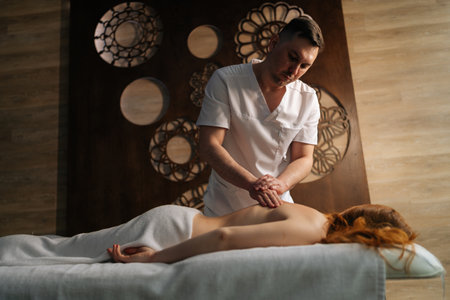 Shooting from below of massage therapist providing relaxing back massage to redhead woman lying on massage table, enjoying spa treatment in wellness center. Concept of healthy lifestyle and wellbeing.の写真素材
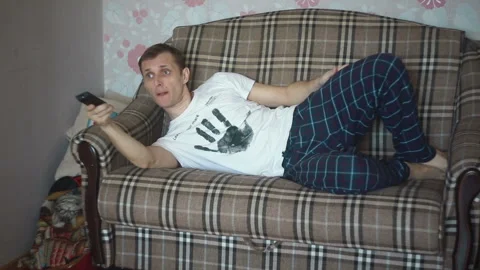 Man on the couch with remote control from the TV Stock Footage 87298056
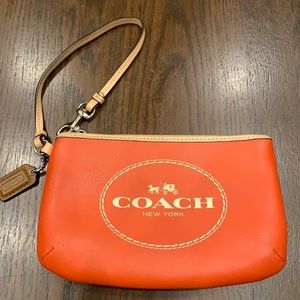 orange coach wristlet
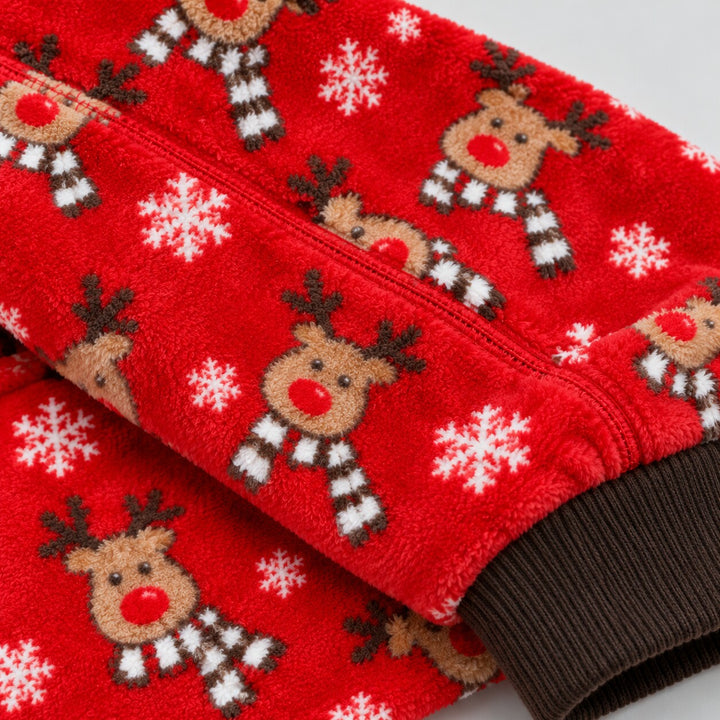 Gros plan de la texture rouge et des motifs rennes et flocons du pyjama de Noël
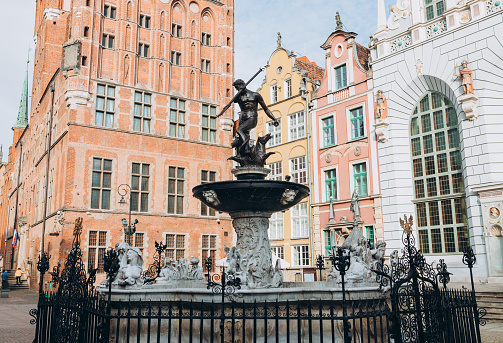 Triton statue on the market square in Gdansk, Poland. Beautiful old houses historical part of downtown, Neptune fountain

▸ **The task**: Leave the pictures behind and transcribe every record above exactly.

▸ **Your solution**:
 Shooting from below of massage therapist providing relaxing back massage to redhead woman lying on massage table, enjoying spa treatment in wellness center. Concept of healthy lifestyle and wellbeing.の写真素材
 Man on the couch with remote control from the TV Stock Footage 87298056
 orange coach wristlet
 Gros plan de la texture rouge et des motifs rennes et flocons du pyjama de Noël
 Triton statue on the market square in Gdansk, Poland. Beautiful old houses historical part of downtown, Neptune fountain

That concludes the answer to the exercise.